* **EXERCISE REQUIREMENTS**: Keep the wording of every entry intact in your copy, and omit the pictures.

═════ EXTRACTED MATERIAL ═════

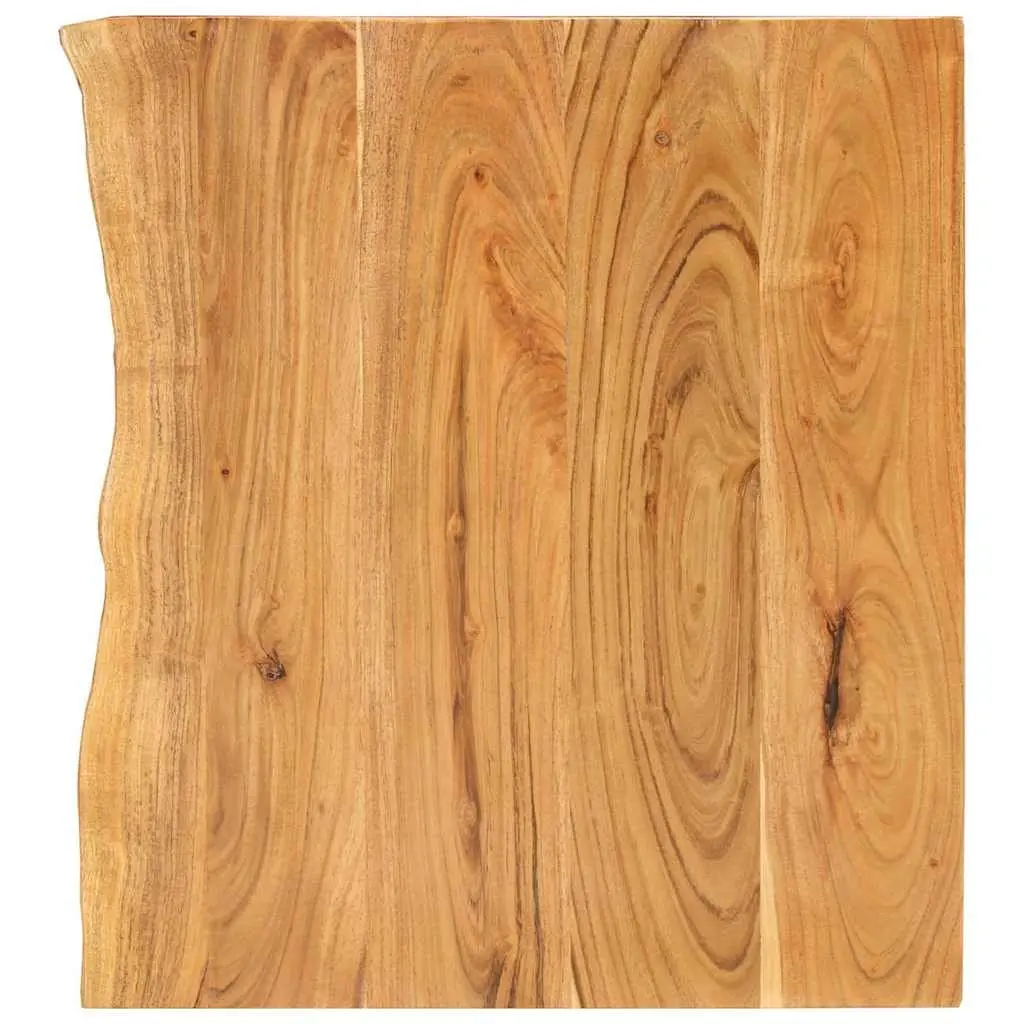 Bathroom Vanity Top Solid Acacia Wood Countertop Rustic Sink Worktop 80x52cm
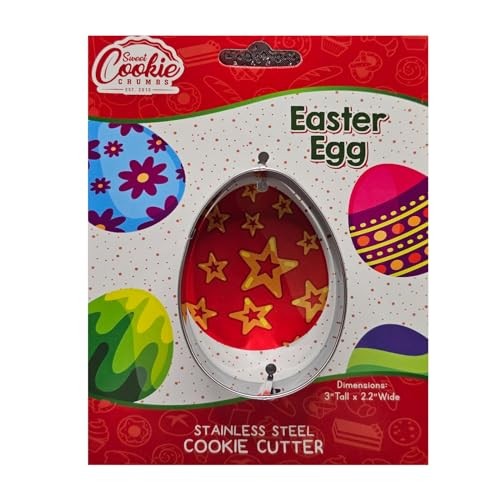 Cookie Cutter – Sharp & Safe Stainless Steel Cooking Utensils – Easter Egg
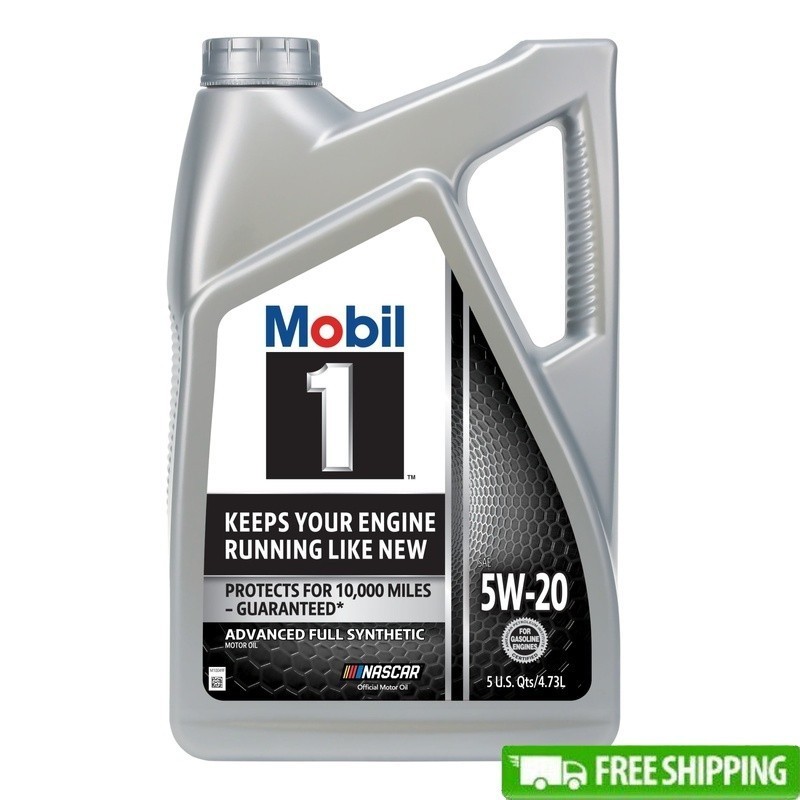 Advanced Full Synthetic Motor Oil 5W20 Engine Protection 10000 Miles Life New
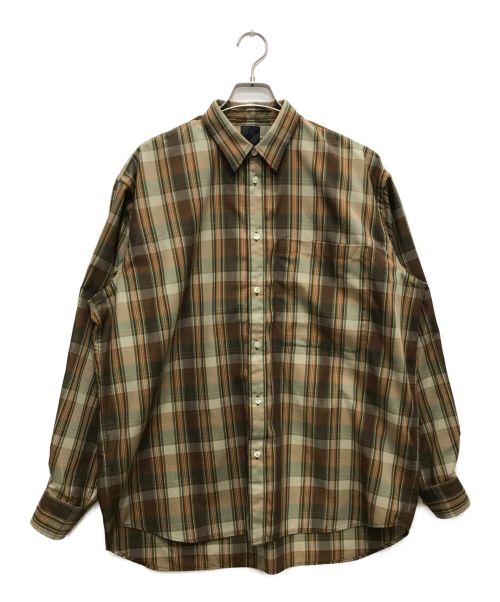 DAIWA PIER39（ダイワ ピア39）DAIWA PIER39 (ダイワ ピア39) TECH REGULAR COLLAR SHIRTS L/S PLAIDS ブラウン サイズ:Mの古着・服飾アイテム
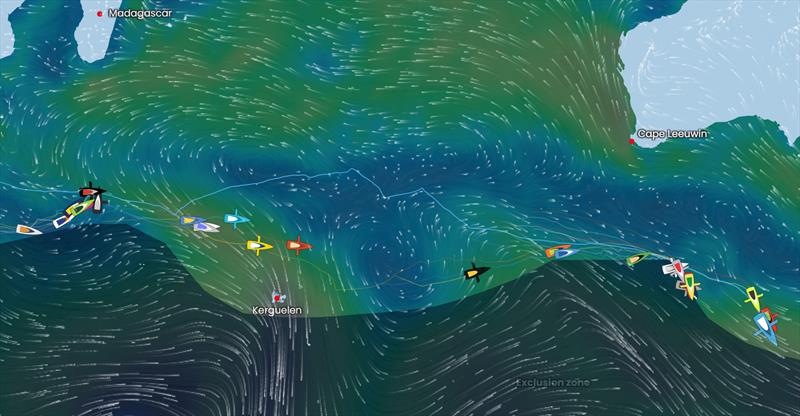 Vendée Globe Position Report 17H00 UTC 15/12/2020 photo copyright #VG2020 taken at  and featuring the IMOCA class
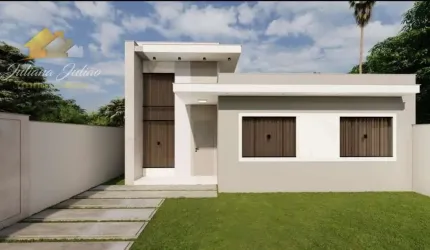 CASA LINEAR À VENDA, COM 3 QUARTOS E QUINTAL, NA ENSEADA DAS GAIVOTAS, RIO DAS OSTRAS, RJ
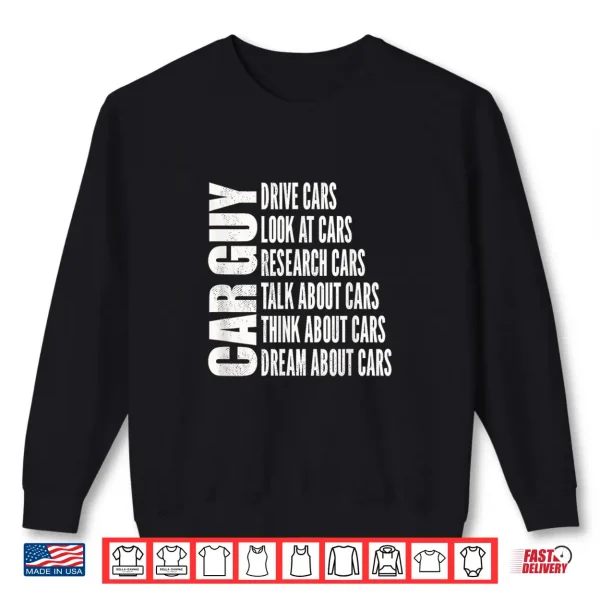 Sweatshirt Things I Do In My Spare Time Car Enthusiast Funny Car Guy Shirt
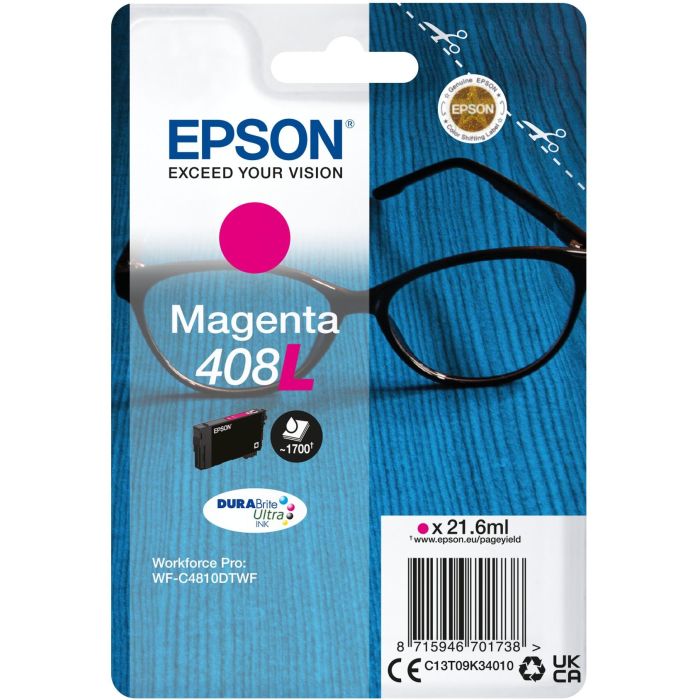 EPSON tinta Magenta Singlepack 408L DURABrite Ultra Ink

═════

* **REPLY TO THE EXERCISE**:
 Bathroom Vanity Top Solid Acacia Wood Countertop Rustic Sink Worktop 80x52cm
 Cookie Cutter – Sharp & Safe Stainless Steel Cooking Utensils – Easter Egg
 Advanced Full Synthetic Motor Oil 5W20 Engine Protection 10000 Miles Life New
 DAIWA PIER39（ダイワ ピア39）DAIWA PIER39 (ダイワ ピア39) TECH REGULAR COLLAR SHIRTS L/S PLAIDS ブラウン サイズ:Mの古着・服飾アイテム
 Vendée Globe Position Report 17H00 UTC 15/12/2020 photo copyright #VG2020 taken at  and featuring the IMOCA class
 CASA LINEAR À VENDA, COM 3 QUARTOS E QUINTAL, NA ENSEADA DAS GAIVOTAS, RIO DAS OSTRAS, RJ
 Sweatshirt Things I Do In My Spare Time Car Enthusiast Funny Car Guy Shirt
 EPSON tinta Magenta Singlepack 408L DURABrite Ultra Ink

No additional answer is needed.